En réalité, j’avais déjà les bases de tout ce qui est gymnastique ou autres sports de combat, mais dans  » Ong Bak  » ça ne se voit pas car je voulais vraiment mettre en avant le Muay Thaï. J’ai vraiment appris beaucoup d’arts martiaux en plus de la gymnastique et j’ai même fait de la danse. Je suis dans l’obligation d’apprendre constamment. Dans un film contrairement à la réalité, on est libre de faire ce qu’on veut et pour que l’action soit la plus esthétique possible, mélanger les différents arts martiaux est indispensable. A chaque fois qu’on prépare une scène d’action avec mon maître, on se pose la question : comment faire pour que l’action soit la plus impressionnante possible pour le spectateur.
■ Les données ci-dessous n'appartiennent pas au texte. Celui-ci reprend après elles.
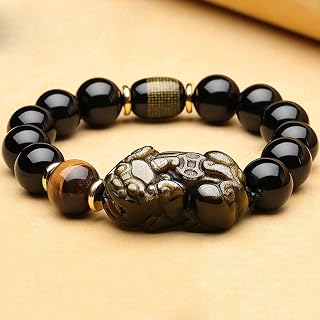 Double Pixiu/Piyao Tiger Eye Beaded Bracelets Natural Golden Obsidian Black Obsidian Gemstone Healing Energy Bracelet Adjustable Feng Shui Wealth Bracelet,6,12MM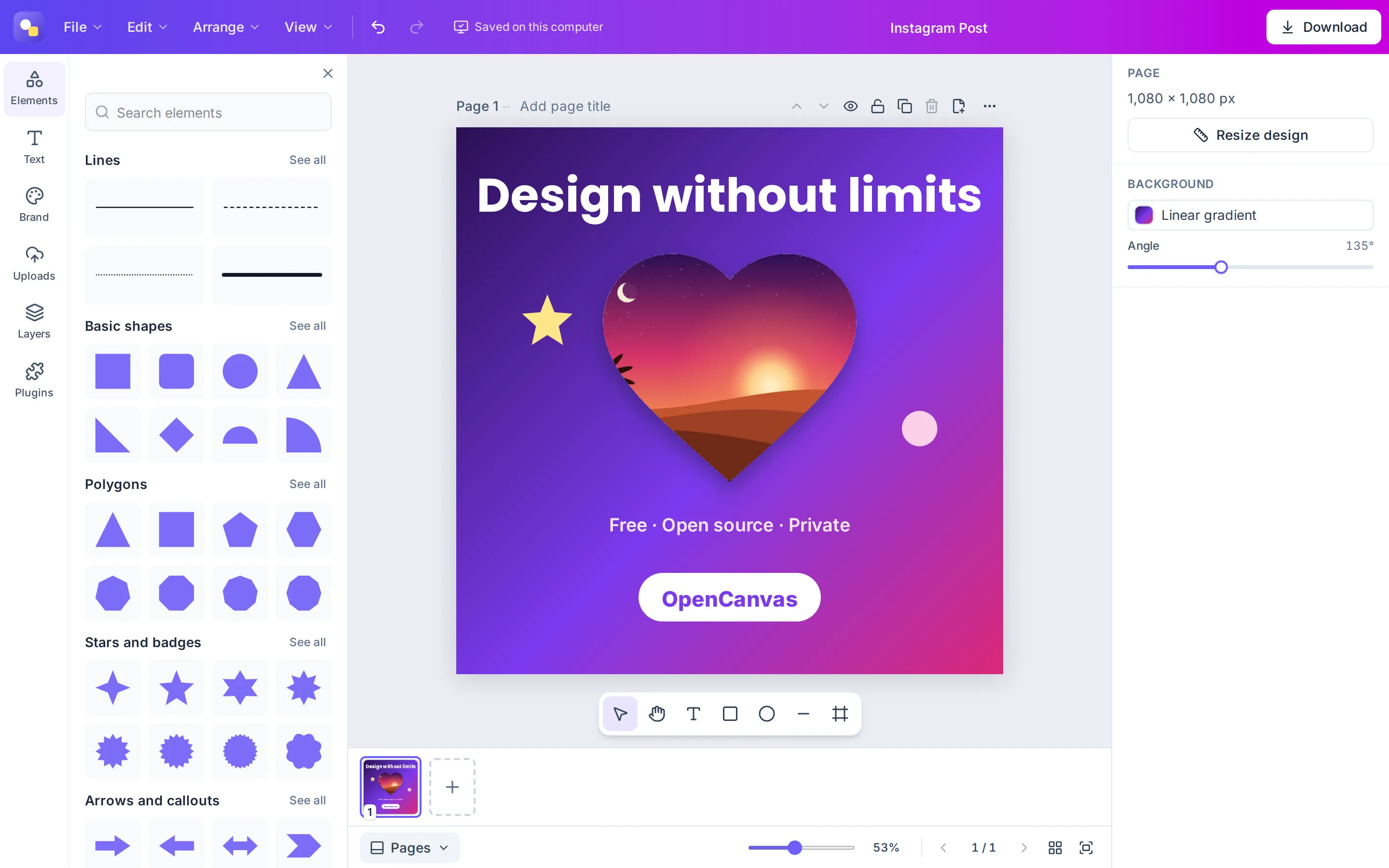 The OpenCanvas editor with a poster: a desert sunset in a heart frame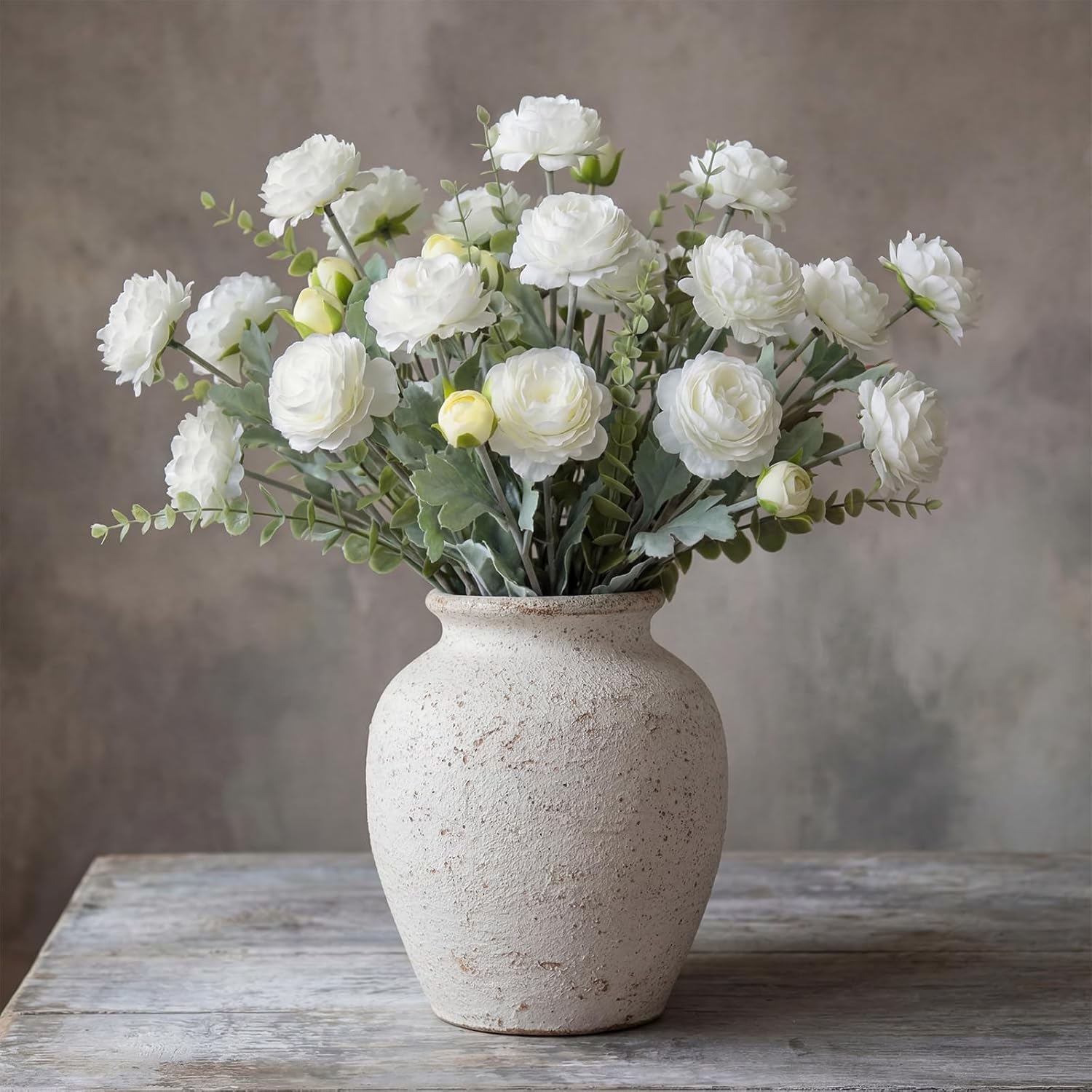 Daifunli 18 Pcs Faux Silk Peony Artificial Flowers for Vase Vintage Bulk Fake Peonies Branches with Stems for DIY Bouquet Centerpieces Wedding Fillers Arrangements Shower Decorations(Cream)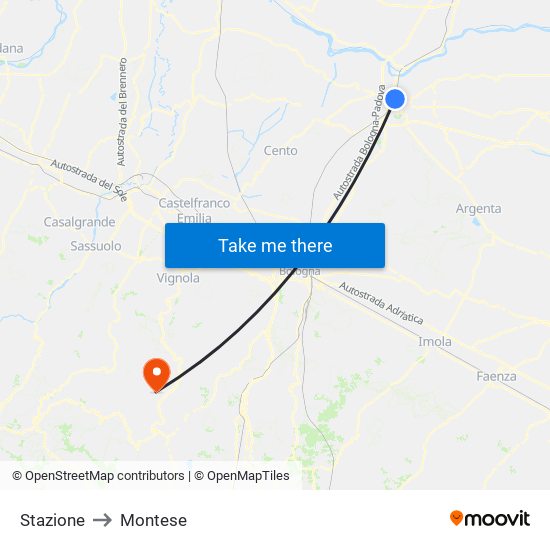 Stazione to Montese map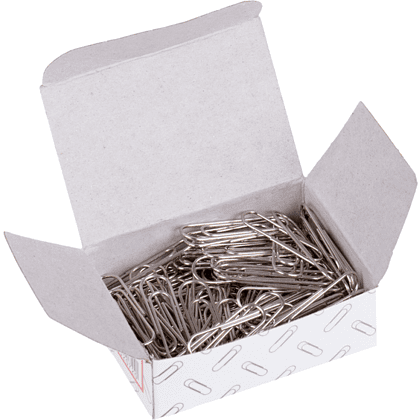 Скрепки никелевые "OfficeSpace", 28 мм, 100 штук, серебристый - 2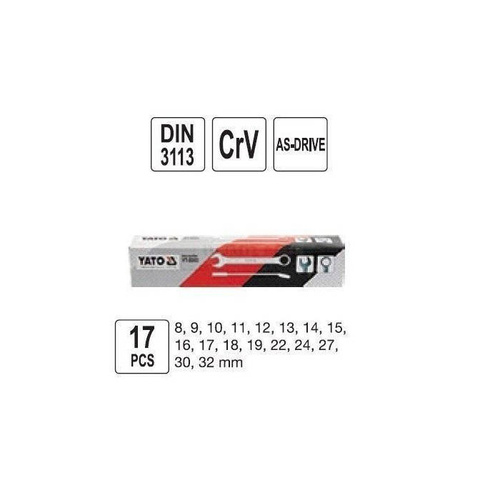 Klucze płasko oczkowe Yato YT-0363 - 17 sztuk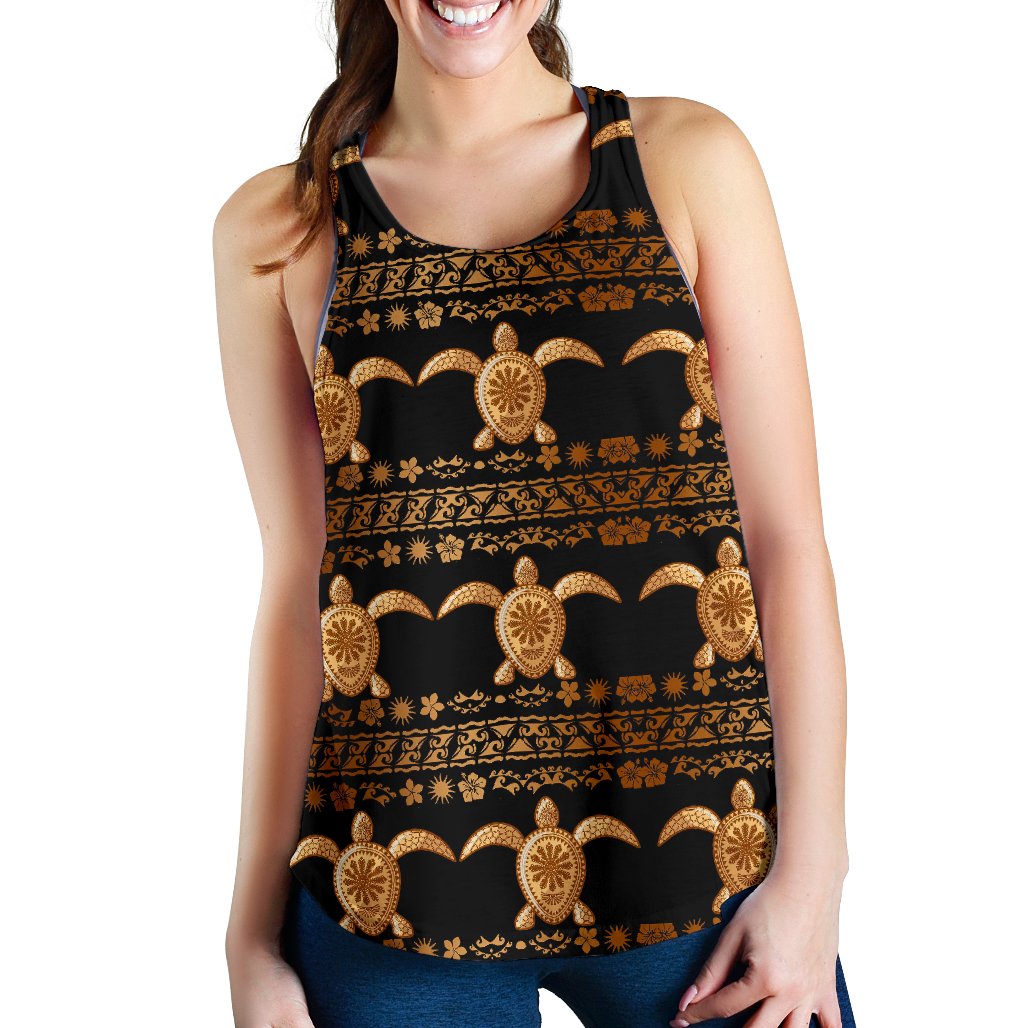 Tribal Sea turtle Polynesian Hawaiian Women Racerback Tank Top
– Dans le film, le combat le plus réussi est celui dans le temple contre le personnage qui pratique la capoiera. C’est celui qui vous pose apparemment le plus de problème dans le film.
(rire). Ça c’est parce qu’on s’est bien amusé sur le tournage, l’acteur était très volontaire, il avait vu  » Ong Bak  » et ça l’avait tellement impressionné qu’il est venu nous voir pour savoir s’il pouvait tourner dans le film. Du coup, il se donnait vraiment à fond. Pour lui, même si les coups étaient portés, il n’y avait aucun problème (rire).


– Pourquoi n’avez-vous pas tourné dans  » Born To Fight  » qui possède à peu près la même équipe ?
Tout simplement parce que j’étais en train de tourner  » Tom Yum Goong « . Mais je connais très bien l’acteur qui joue le rôle principal de  » Born to Fight « , nous étions dans la même université.
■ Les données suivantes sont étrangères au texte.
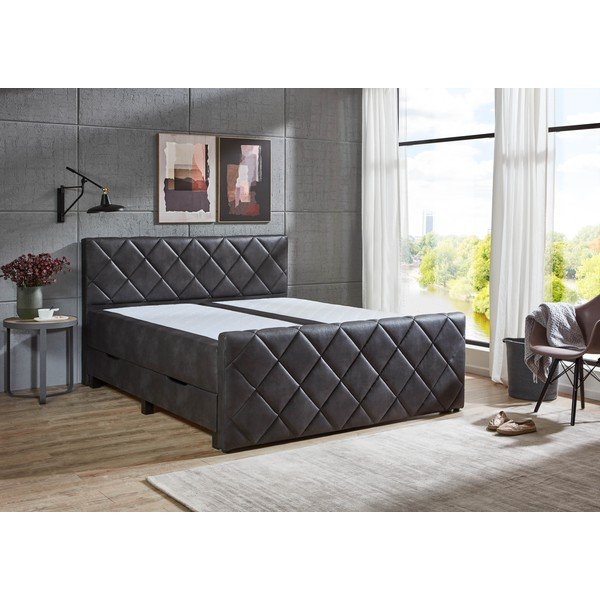 Čierna boxspring posteľ s úložným priestorom 180x200 cm Chester – Rojaplast-image-1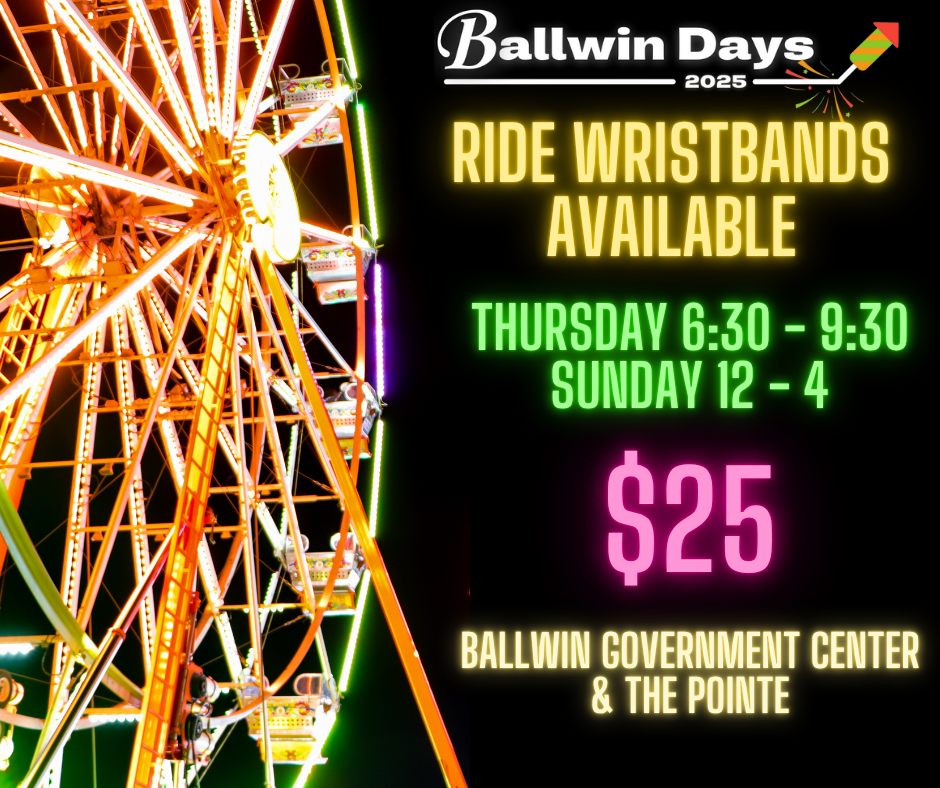🎡Wristband vouchers for... - City of Ballwin, MO - Government | Facebook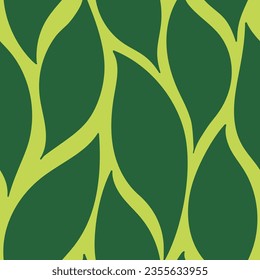 Green leaves seamless vector pattern. Watercolor tea leaf background, textured jungle print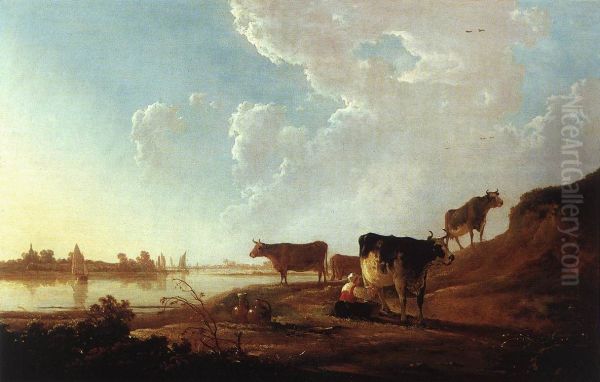 River Scene with Milking Woman - view 1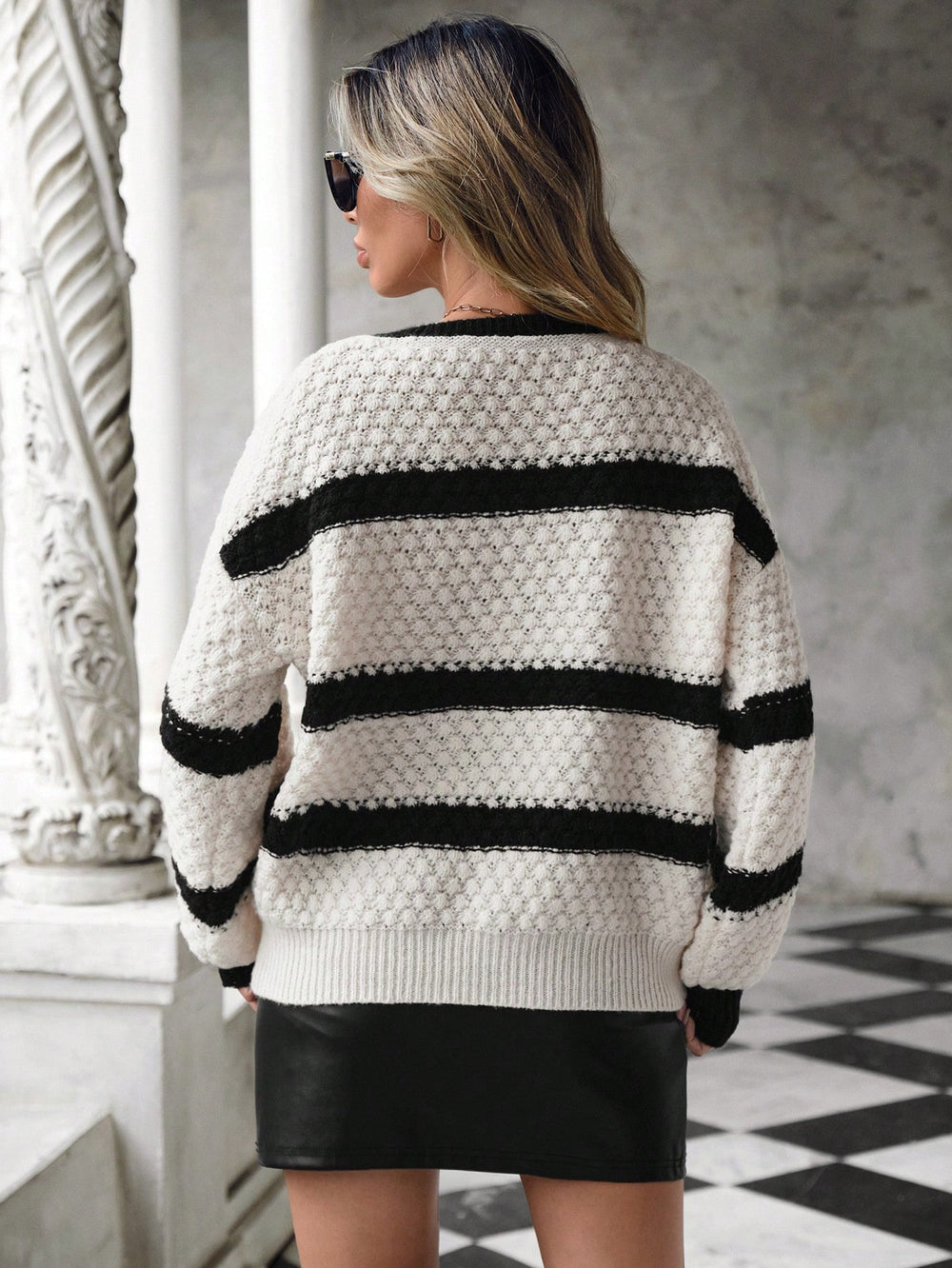 Frenchy Striped Pattern Drop Shoulder Cut Out Drop Shoulder Sweater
– Aujourd’hui, vous êtes au top de votre forme physique mais ça ne sera pas toujours le cas. Quand vous ne serez plus capable de faire toutes ces acrobaties, est-ce que vous pensez vous reconvertir en tant que chorégraphe ou réalisateur par exemple ?
Pour l’instant, je vous rassure, je n’ai pas perdu de vitesse et je suis toujours en pleine forme (rire). Mais pour répondre à votre question, je pense que comme j’aime le cinéma, j’aimerais bien continuer dans ce domaine. Quand mon corps ne suivra plus, je deviendrai peut être chorégraphe, réalisateur ou bien j’entraînerai des jeunes pour leur donner de bonnes bases afin qu’ils puissent suivre mon parcours et me succéder.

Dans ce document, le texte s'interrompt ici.